▶ [TASK REQUIREMENTS] The answer is the set of lines that include "Lincoln", copied from the data below.

[Data entries]
────────────────────

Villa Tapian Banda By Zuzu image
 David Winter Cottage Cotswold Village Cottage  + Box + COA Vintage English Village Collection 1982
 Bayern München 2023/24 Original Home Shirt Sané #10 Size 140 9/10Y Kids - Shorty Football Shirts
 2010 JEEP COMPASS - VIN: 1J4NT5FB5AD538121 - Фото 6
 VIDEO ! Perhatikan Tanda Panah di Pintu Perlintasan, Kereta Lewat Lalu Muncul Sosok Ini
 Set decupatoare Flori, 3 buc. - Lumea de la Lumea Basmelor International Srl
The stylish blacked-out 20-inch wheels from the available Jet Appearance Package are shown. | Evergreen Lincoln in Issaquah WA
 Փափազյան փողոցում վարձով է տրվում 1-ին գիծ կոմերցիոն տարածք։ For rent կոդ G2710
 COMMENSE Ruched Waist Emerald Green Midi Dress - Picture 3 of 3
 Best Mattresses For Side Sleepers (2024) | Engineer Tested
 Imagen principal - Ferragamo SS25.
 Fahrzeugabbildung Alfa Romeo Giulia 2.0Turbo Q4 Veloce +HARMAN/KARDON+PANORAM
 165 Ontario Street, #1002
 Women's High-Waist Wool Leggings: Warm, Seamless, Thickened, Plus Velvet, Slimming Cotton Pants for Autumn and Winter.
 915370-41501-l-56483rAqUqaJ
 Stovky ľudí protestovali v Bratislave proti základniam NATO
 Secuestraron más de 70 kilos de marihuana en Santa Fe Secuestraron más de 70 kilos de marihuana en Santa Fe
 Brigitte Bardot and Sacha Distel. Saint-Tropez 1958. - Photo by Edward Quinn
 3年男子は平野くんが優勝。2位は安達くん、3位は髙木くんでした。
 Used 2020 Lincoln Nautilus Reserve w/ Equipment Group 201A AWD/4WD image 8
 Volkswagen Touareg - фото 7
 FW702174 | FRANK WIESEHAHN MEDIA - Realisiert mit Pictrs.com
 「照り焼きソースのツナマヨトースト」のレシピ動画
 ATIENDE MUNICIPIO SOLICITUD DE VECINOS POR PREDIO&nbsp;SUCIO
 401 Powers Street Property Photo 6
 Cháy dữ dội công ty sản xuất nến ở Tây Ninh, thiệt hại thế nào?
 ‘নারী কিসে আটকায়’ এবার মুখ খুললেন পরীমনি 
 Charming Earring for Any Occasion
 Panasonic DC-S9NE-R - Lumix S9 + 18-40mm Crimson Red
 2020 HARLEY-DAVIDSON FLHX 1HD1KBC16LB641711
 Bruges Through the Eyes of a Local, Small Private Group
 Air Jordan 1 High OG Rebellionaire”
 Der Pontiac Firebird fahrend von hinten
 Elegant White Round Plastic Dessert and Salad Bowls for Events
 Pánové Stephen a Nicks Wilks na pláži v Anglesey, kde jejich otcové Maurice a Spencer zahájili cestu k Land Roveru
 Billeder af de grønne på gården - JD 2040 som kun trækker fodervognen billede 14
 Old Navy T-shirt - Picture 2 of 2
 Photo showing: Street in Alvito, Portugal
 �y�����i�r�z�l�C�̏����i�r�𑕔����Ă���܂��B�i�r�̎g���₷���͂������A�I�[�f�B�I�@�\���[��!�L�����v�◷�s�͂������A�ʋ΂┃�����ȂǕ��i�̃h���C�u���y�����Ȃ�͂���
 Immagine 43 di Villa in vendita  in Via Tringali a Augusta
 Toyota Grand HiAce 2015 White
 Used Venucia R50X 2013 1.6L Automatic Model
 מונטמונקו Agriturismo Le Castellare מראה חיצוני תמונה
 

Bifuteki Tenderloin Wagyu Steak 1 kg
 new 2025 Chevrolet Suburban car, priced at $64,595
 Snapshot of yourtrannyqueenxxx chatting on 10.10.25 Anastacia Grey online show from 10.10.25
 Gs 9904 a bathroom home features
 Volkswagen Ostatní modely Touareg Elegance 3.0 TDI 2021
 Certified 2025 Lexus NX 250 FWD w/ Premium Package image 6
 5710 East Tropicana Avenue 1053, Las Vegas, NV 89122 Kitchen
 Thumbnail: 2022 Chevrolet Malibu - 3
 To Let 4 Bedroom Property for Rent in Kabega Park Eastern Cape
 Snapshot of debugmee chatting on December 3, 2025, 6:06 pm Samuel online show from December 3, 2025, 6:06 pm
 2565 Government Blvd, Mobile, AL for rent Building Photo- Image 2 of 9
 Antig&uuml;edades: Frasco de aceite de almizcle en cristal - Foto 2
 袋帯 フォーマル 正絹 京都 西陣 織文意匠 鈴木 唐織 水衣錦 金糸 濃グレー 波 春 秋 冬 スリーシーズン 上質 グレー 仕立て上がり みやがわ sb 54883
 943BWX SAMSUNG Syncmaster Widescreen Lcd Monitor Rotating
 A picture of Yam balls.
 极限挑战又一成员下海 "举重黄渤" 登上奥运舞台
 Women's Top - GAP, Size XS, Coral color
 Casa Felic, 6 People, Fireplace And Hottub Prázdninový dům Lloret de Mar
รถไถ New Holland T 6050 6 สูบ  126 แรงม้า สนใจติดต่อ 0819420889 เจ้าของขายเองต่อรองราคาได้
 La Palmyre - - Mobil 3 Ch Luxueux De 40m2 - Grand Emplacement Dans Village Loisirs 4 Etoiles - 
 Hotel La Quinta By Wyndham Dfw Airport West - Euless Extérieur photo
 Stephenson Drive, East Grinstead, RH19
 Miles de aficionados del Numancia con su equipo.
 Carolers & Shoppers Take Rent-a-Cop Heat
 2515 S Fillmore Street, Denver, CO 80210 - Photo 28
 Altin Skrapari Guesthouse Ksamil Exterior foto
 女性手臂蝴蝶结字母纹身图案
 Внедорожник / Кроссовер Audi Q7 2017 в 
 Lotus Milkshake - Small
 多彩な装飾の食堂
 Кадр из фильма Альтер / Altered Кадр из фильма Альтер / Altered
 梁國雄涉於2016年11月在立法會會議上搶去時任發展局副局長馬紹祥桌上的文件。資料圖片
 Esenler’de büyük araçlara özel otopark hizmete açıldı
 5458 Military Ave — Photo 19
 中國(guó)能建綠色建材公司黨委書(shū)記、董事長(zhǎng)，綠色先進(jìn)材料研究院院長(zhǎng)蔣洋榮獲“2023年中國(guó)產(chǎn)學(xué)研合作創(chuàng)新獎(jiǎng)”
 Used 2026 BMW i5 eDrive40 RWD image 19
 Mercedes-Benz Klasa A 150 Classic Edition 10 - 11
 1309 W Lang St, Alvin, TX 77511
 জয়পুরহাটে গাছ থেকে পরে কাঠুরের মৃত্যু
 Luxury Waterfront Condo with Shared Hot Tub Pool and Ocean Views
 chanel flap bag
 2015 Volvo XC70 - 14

────────────────────

▶ [RESULT FOR THIS EXERCISE]
The stylish blacked-out 20-inch wheels from the available Jet Appearance Package are shown. | Evergreen Lincoln in Issaquah WA
 Used 2020 Lincoln Nautilus Reserve w/ Equipment Group 201A AWD/4WD image 8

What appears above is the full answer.